Jesse James (1939)
8/10
"He Was the goldingest, dadblastedest, dadgummest buckaroo there ever was"
24 February 2006
Warning: Spoilers
Everyone should have somebody like Henry Hull deliver an epitaph.

The story of Jesse W. James, America's most notorious outlaw, the American Dick Turpin or Ned Kelly, was especially popular in the Depression era Thirties. With people having very little disposable income and losing homes to banks out there in the same country where less than a century before Jesse James rode, why wouldn't he be popular.

The basic outlines of the Jesse James saga in this film are true. After he and brother Frank had done Civil War service with Quantrill's Raiders, he settled down to be a farmer. And it's true that Jesse and Frank's mother, played here by Jane Darwell, was a victim of a firebomb from the railroad that was trying to evict them from their land. After that the James boys became outlaws, the most notorious our wild west ever saw.

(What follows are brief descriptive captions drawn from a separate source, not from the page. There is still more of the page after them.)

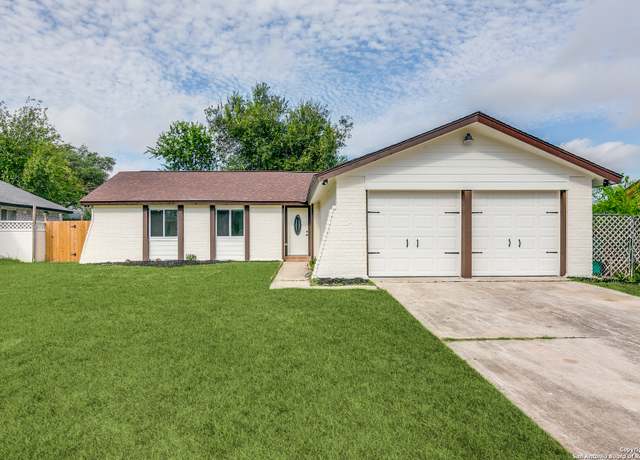 Property at 4507 Timberhill, San Antonio, TX 78238, 3 beds, 2 baths
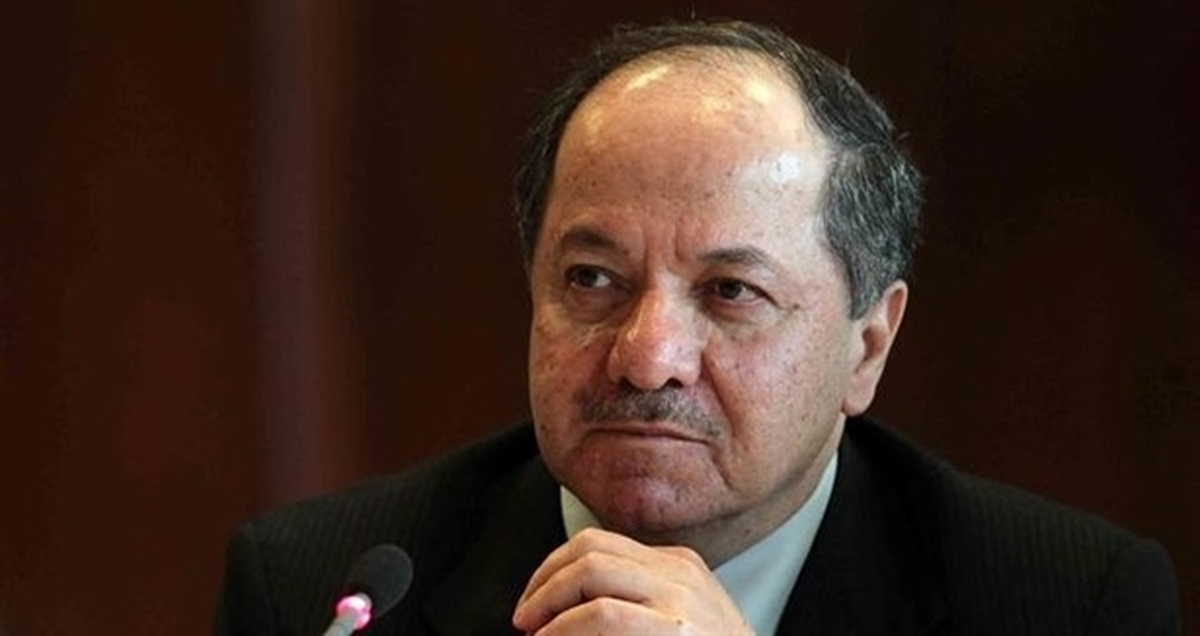 IBKY Başkanı Barzani Türkiye\'de
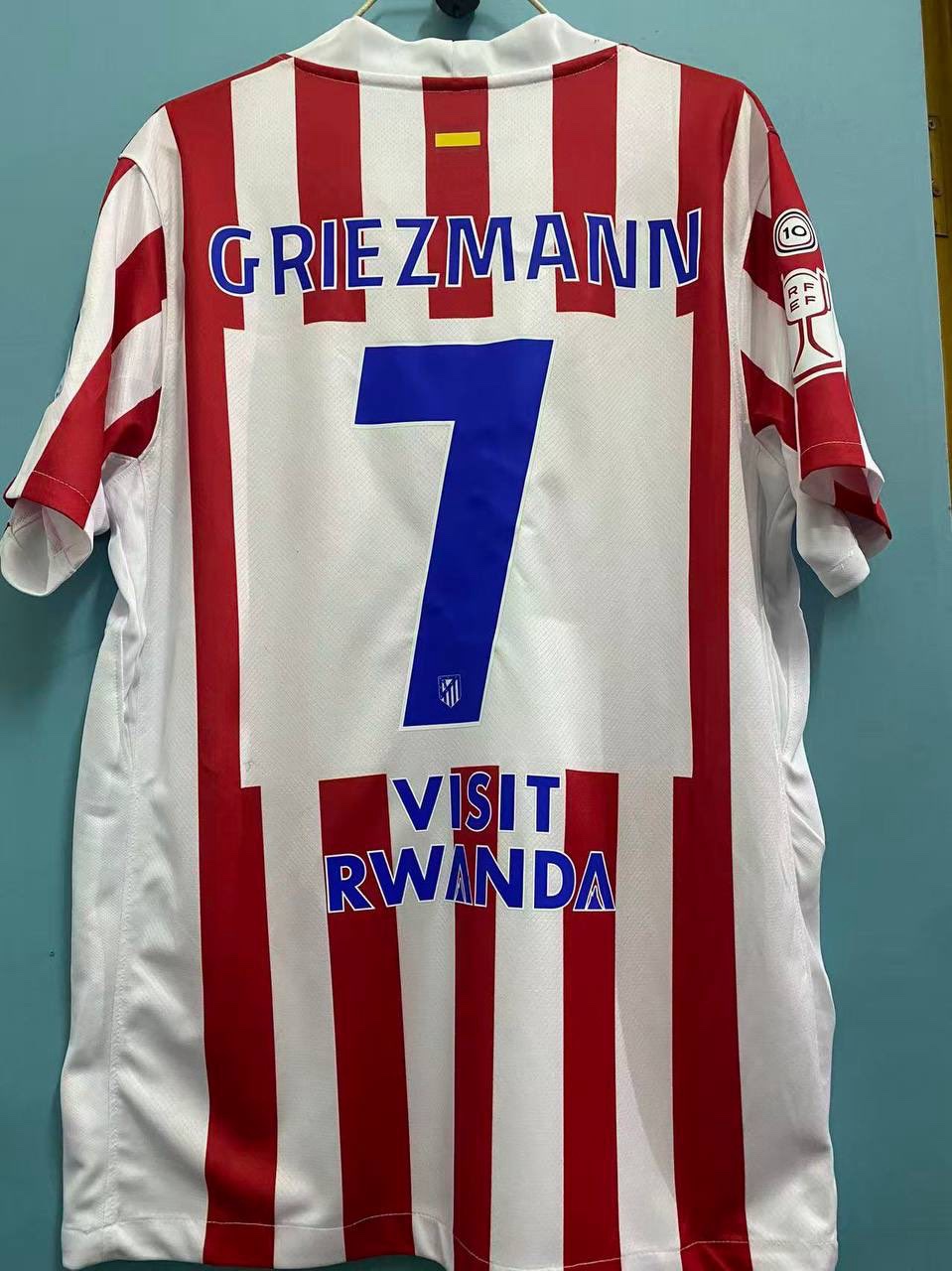 Camiseta Atlético Madrid 25-26 / Final Copa del Rey - Imagen 2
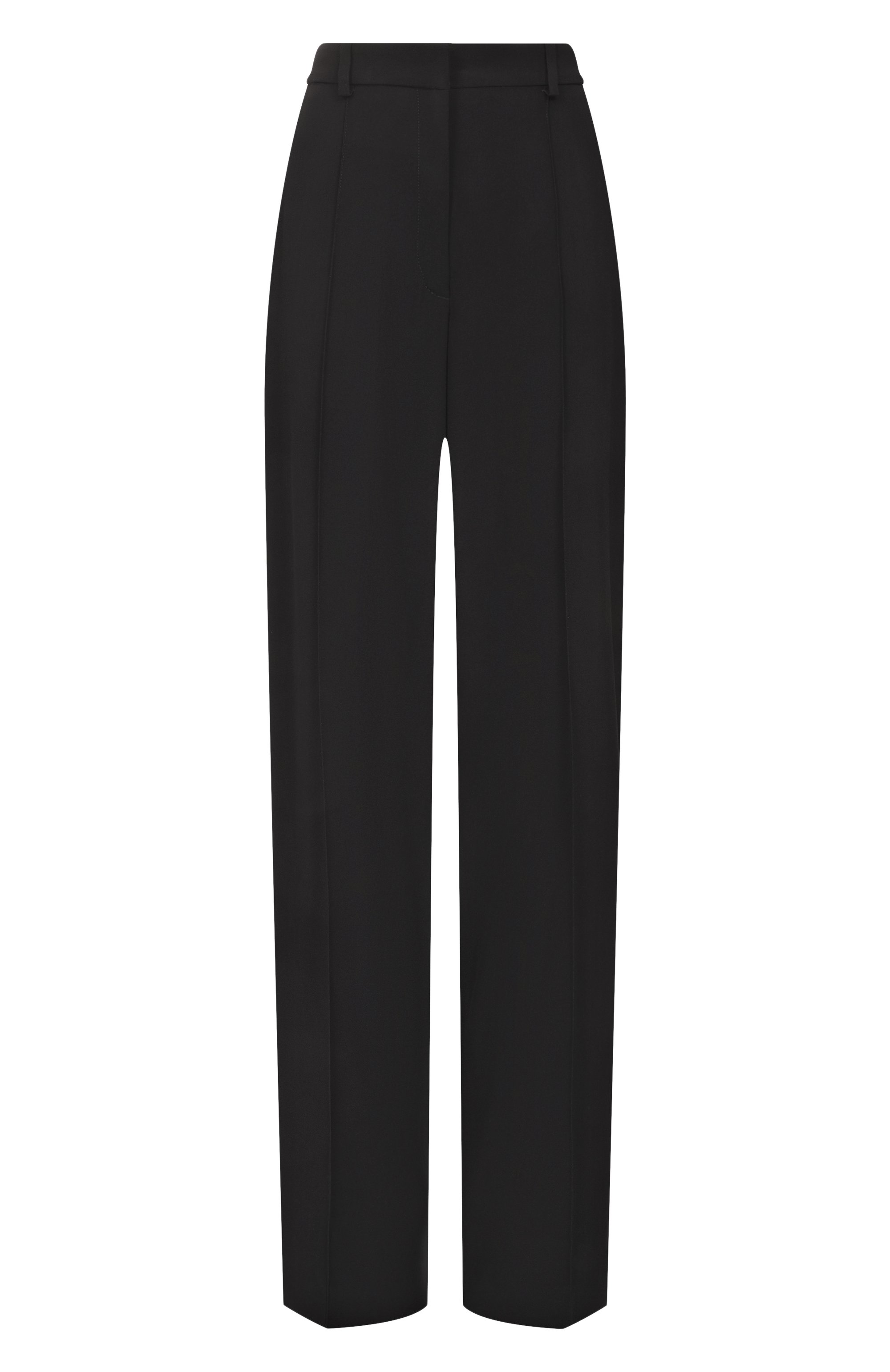 Брюки из вискозы BALMAIN, арт. EF0P0160/VB00, фото 1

Tyrone Power gives a classic interpretation of Jesse James in what turned out to be his first western and first color film. And it was also the first trip to the cinematic wild west for Henry Fonda as Frank James. Fonda got the best reviews for his laconic, understated interpretation of Frank James and it was so popular that he did a sequel film, The Return of Frank James two years later.

Randolph Scott as the honest marshal has never been given proper recognition for his role. He's got a sense of decency and fair play and some of his best moments come during Power's jailbreak after he's been tricked into surrendering himself. Scott leaves railroad President Donald Meek to his own devices. Of course Power turns the table on president Donald Meek and humiliates him. Of course Meek exacts a terrible revenge.

J. Edward Bromberg as the detective/hit-man that Meek hires has some of his best screen moments. He's a jovial, but ruthless character and your sympathies aren't with him. To be fair though by this time Jesse James was not a Robin Hood crusader, but a full blown outlaw.

The only other portrayals of note are Nancy Kelly as Jesse's wife and her uncle, town newspaper editor Henry Hull, author of some flaming editorials and John Carradine as the Judas of Jesse's gang.

Remember that the Jameses are post Civil War white southerners with the racial attitudes of same. The portrayal of Ernest Whitman as Pinky has come in for criticism. But probably the portrayal rings true, because Whitman would have had to bow low and shuffle for survival's sake. And 1939 was the year of Gone With the Wind.

Still Jesse James is good entertainment though not exactly the real story of our most notorious buckaroo.